A peace accord is vital in Sudan if the United Nations is to take charge of peacekeeping in the war-torn Darfur region, Pekka Haavisto, the EU's envoy to the country has said.

Haavisto has this week been representing the EU during talks between the Khartoum government and two rebel groups, the Sudanese Liberation Army and the Justice and Equality Movement, in Abuja, Nigeria. "There is no way of having a UN mission in Sudan, without having a peace agreement they can follow," Haavisto told European Voice.

The African Union (AU), which is organising the Abuja talks, had set a 30 April deadline for their conclusion. But it agreed to extend that deadline after rebels complained that some of their demands, including the appointment of a Sudanese vice-president from Darfur, were not met in an 85-page draft accord.

The AU commands a 7,000-strong peacekeeping force in Darfur but its mandate is to expire in September. Aides to Javier Solana, the EU's foreign policy chief, have advised that it would not be prudent for European governments to support any extension of the AU mandate as they did not believe the AU was capable of sustaining a force beyond the autumn.

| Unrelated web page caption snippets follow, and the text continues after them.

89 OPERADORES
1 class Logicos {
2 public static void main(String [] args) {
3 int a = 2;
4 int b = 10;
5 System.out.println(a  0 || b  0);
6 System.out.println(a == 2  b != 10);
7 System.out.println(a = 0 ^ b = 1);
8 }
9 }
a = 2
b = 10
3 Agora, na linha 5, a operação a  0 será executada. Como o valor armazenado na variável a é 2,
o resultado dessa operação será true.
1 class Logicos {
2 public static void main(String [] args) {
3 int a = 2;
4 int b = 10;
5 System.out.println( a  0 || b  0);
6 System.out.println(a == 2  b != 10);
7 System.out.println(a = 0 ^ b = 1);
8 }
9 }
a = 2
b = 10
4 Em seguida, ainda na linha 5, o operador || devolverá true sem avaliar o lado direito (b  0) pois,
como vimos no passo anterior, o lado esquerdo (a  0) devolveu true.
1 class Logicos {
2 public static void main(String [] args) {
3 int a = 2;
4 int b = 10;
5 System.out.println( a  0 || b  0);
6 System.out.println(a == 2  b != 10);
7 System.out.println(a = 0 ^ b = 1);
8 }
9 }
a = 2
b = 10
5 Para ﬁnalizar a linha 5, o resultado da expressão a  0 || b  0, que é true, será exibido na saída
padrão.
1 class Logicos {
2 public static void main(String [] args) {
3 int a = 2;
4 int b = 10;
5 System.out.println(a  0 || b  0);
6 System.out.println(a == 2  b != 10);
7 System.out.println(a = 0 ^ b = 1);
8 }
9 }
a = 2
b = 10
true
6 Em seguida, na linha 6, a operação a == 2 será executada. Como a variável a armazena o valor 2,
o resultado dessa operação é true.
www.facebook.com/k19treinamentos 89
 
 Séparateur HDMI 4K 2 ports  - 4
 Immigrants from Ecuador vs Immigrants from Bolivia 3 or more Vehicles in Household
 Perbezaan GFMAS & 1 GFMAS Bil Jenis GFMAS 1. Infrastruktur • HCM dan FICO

Kofi Annan, the UN's secretary-general, believes that his organisation should take charge of peacekeeping in Darfur, where the three-year conflict has uprooted two million people. Sudan's government has insisted, however, that only African troops be deployed in Darfur; last month it angered Annan by preventing Jan Egeland, the UN's director of humanitarian affairs, from visiting Darfur. Egeland has warned that 500,000 of the three million needing outside help in Darfur were "out of reach" and that aid workers had had to curtail their operations because they had been attacked by armed groups.

Darfur will be one of the main topics discussed at an EU-Africa ministerial meeting in Vienna on Monday (8 May). Lam Akol, the Sudanese foreign minister, is to attend the meeting, along with Said Djinnit, the AU peace and security commissioner.

Lotte Leicht from the Brussels office of Human Rights Watch urged Austria's EU presidency to demand that Sudan accepts a UN force.

"If the government tells us it is not in control of the militia, then it must invite someone else in to Darfur," she said. "A robust UN peacekeeping force must be there to protect civilians and to oversee the disarmament of the militia and of rebel groups."

Article features comments by the EU envoy to Sudan, Pekka Haavisto, who said that a peace accord was vital in Sudan if the United Nations was to take charge of peacekeeping in the war-torn Darfur region. The African Union (AU) commanded a 7,000-strong peacekeeping force in Darfur but its mandate was to expire in September 2006. Haavisto represented the EU in negotiations between the Sudanese conflict parties, hosted by the AU, in Abuja, Nigeria.